Mais derrière ces données dans les Alpes du Nord, s'affirme une tendance à la « premiumisation » des vacances à la montagne, partout en France, mais aussi en Suisse et en Autriche : « Le prix de notre package vers la France a augmenté de 6 % par an depuis deux ans. Des personnes ne peuvent plus se payer des vacances au ski, et vont de la haute altitude vers de la moyenne», indique ainsi Cécile Revol, manager France pour le groupe suisse Sunweb, le troisième tour opérateur européen (plus d'un million de voyageurs par an). De même, l'âge moyen des clients évolue vers un public plus âgé.

Conséquences de l'inflation, les prix des forfaits ont augmenté, tout comme ceux de l'ensemble de la chaîne. Mais Caroline Leboucher (Atout France), y voit également des facteurs plus structurels :

« La réglementation, avec la Zéro artificialisation nette des sols, cumulée à la hausse des coûts des salaires, des énergies, font naturellement que les coûts des tarifs et des prestations touristiques augmentent. Quand vous avez un espace limité et contraint, vous allez chercher naturellement à maximiser votre profit, c'est normal. Nous avons besoin de nouveaux modèles économiques pour diversifier cette offre, mais c'est difficile pour une hôtellerie 2 étoiles, 3 étoiles, familiale, d'avoir une rentabilité suffisante pour la pérenniser. Il faut vraiment travailler avec les modèles économiques. »
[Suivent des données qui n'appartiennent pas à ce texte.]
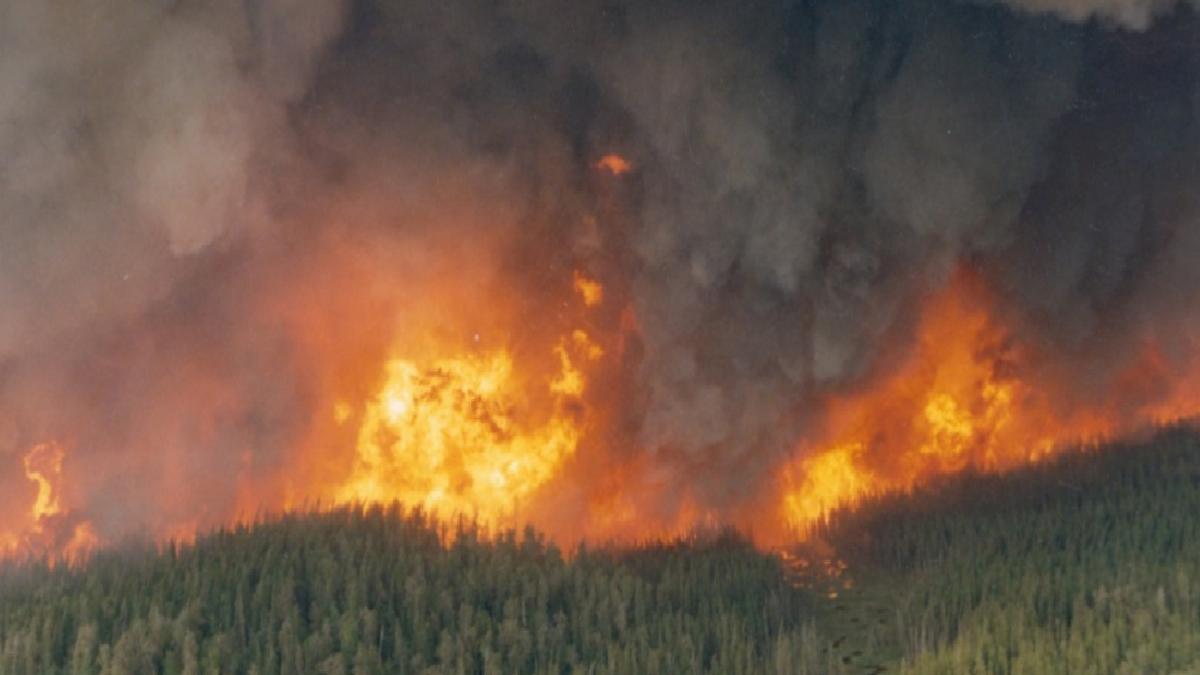 Kanada’da orman yangını: Manitoba eyaletinde OHAL ilan edildi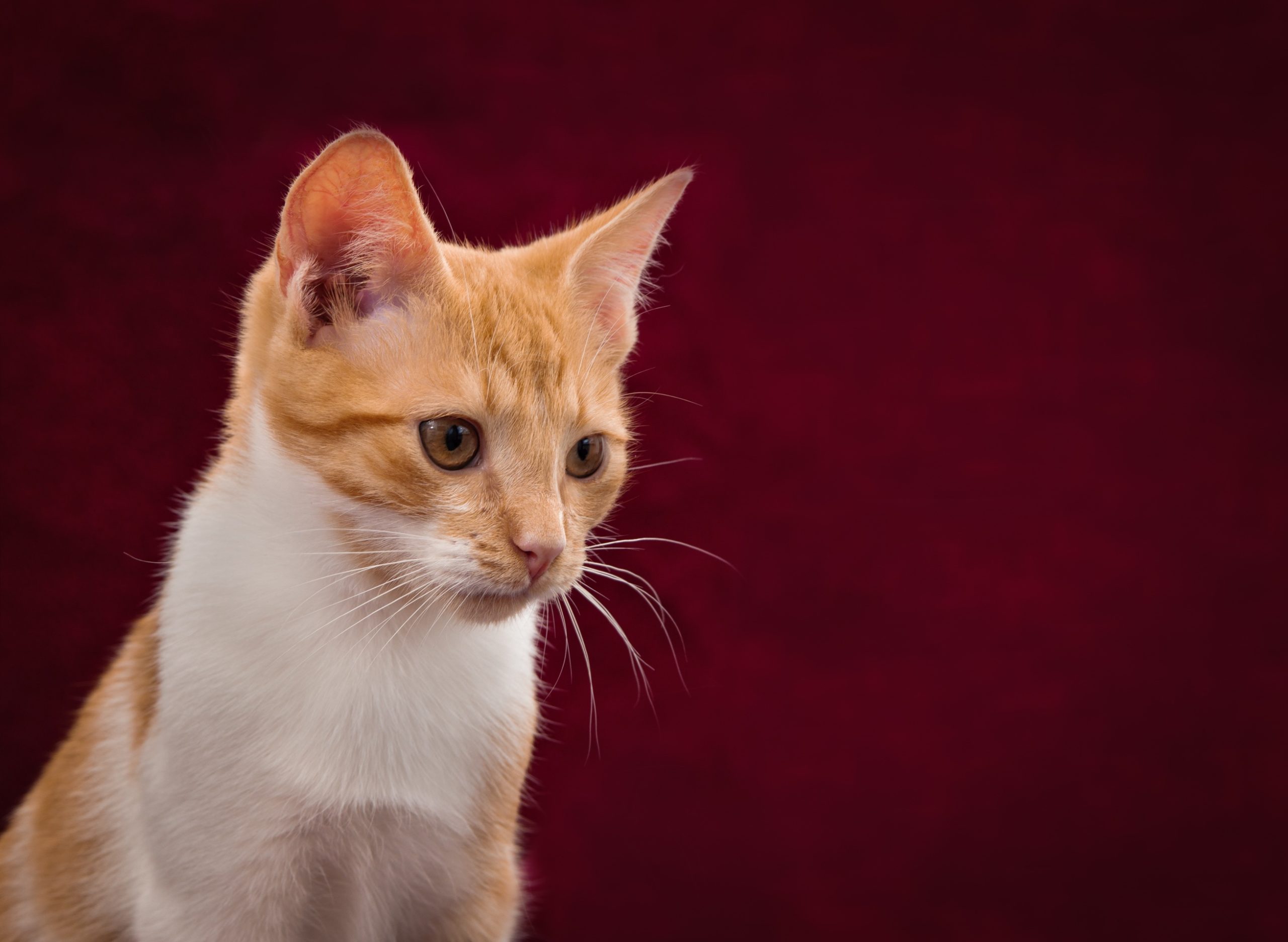 Background Wallpaper Cat Cute Red White Pet Kitten - Cat - HD Wallpaper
En effet, comment adapter l'offre à une demande au budget resserré ? Selon Dominique Kreziak, chercheuse en marketing de l'environnement et du tourisme, associée à l'IAE Savoie Mont-Blanc, « la prémiumisation, on la constate surtout au niveau de l'offre.

« Il y a peut-être l'idée d'un certain dogme autour de la montée en gamme, comme seule voie possible pour la montagne. Il est facile de regretter le manque de renouvellement de la clientèle, mais de nombreux hébergements cherchent à monter en gamme. Pour autant, il y a d'autres marchés, d'autres types d'expérience, qui peuvent constituer des expériences très signifiantes et d'autres formes de luxe. »

Face aux problématiques de promotion et de communication, Atout France dit vouloir favoriser une image de marque plus « accessible » : la nature, comme la santé, font d'ailleurs partie des sujets positifs qui ressortent des enquêtes réalisées sur la montagne française en tant que destination touristique. « Nous avons investi 5,3 millions d'euros l'année dernière, pour tous les massifs, ajoute Caroline Leboucher. Nous avons notamment mobilisé des actions collectives de promotion en France et à l'international. Nous travaillons aussi sur la data et l'offre, avec la délégation montagne à Chambéry, mais aussi sur la rénovation énergétique des logements avec « France Tourisme Ingénierie », pour un budget de 2,5 millions d'euros ». Le vaste sujet du « tourisme durable », dont les stations disent avoir conscience et même s'emparer (à travers la question des lits froids, des transports ou des déchets), sont autant d'autres enjeux à penser pour répondre à l'épineuse équation entre changement climatique et transition des activités socio-économiques.